Keira MP Ryan Park has rejected claims that NSW Labor’s new policy of a blanket ban on coal seam gas activity within the Sydney drinking-water catchment is politically motivated.
The policy, announced yesterday, comes just two weeks shy of the federal election and days after a 13,000-signature petition, calling for a ban on CSG drilling, was delivered to Premier Barry O’Farrell’s door.
Mr Park, who has been vocal in his opposition to CSG near the catchment, said the announcement was not a political move.
‘‘I’ve said frequently that [CSG activity] has not been handled as well as it could be,’’ he said.
‘‘I thought it was time to set the record straight and go back to a sensible policy approach; I’ve been fighting for two years outside and within the party to make it clear I thought we got this wrong...this is not a political point but about basic common sense, no-one is anti-industry or development but we want it done in the right locations.
‘‘This is not about me claiming credit for anything; I’m just glad we’ve finally got a shift on this.’’
State Labor’s policy would ban any CSG drilling and extraction in the catchment’s ‘‘special areas’’.
Mr Park said he was ‘‘frustrated’’ that the current government had not honoured its pre-election promise to adopt a ban on CSG near the catchment.
He hoped Labor’s recent policy shift would put pressure on the NSW government to follow suit.
‘‘The current government has not been quick enough to demonstrate change on this,’’ Mr Park said.
‘‘We want to try and encourage [them] to adopt this policy; I think the opposition is not just about criticising the government but putting up alternative policies...we need to lead.’’
State Labor’s approval of the policy is a win for anti-CSG campaigners who have been fighting against drilling and mining in the region’s water catchment.
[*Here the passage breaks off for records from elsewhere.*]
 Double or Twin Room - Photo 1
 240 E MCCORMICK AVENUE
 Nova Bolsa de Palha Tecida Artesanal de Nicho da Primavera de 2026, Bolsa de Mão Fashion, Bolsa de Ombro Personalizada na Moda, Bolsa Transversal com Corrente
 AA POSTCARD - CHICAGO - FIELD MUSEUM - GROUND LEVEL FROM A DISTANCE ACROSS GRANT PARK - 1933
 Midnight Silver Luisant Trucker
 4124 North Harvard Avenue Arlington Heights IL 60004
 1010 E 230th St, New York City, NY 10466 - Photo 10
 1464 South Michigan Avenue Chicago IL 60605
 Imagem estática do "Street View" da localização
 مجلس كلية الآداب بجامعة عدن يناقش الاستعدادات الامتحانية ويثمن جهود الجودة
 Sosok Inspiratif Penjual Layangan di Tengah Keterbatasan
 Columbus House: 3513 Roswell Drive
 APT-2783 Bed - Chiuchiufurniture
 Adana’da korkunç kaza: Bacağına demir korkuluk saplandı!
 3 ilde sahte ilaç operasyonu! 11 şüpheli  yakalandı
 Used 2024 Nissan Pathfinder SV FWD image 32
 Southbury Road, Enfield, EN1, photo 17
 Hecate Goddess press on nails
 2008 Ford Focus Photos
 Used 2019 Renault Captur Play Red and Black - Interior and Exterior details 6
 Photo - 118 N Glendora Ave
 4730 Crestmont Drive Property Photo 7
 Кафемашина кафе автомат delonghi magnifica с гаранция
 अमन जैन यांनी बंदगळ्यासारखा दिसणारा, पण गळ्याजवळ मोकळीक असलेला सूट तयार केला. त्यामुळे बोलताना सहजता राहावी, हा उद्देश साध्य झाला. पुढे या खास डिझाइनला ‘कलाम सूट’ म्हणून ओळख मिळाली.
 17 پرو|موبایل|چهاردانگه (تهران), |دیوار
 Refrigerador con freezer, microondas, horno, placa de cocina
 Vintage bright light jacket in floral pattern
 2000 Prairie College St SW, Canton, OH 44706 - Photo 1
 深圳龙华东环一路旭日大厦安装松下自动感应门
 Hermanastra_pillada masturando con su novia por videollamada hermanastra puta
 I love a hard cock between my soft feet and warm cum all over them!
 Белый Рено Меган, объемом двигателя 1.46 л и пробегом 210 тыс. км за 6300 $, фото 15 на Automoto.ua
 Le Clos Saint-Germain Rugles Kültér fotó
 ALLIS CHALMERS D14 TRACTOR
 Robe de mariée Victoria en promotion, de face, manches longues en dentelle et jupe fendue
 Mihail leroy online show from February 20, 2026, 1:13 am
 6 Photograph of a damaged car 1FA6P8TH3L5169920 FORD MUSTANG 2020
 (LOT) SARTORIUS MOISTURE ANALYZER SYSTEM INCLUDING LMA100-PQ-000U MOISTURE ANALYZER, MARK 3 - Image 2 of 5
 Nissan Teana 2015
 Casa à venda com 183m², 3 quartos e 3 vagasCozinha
Mr Park said the concerns of the community should not be ignored.
‘‘We are fortunate to have safe, secure drinking water; the community has seen past scares and things going wrong near the catchment and they are aware of the sensitive nature of the water catchment.’’
Resources and Energy Minister Chris Hartcher yesterday slammed the former NSW Labor government’s approach to CSG.
‘‘Under the [former government], coal seam gas exploration licences were approved and renewed with no community awareness or input and with no concern for agricultural or environmental impacts.’’
He said NSW had the toughest regulations nationwide on CSG activity.
“This government has worked meticulously to develop new initiatives to ensure CSG activities are carried out responsibly and with the proper environmental and health safeguards in place,’’ he said.
“In NSW, there are 30 difference pieces of legislation and controls in place to protect water resources, including from any potential impacts of CSG exploration and production.”
Two CSG exploration licences have been granted in the Illawarra, with licence renewals now on hold pending a review.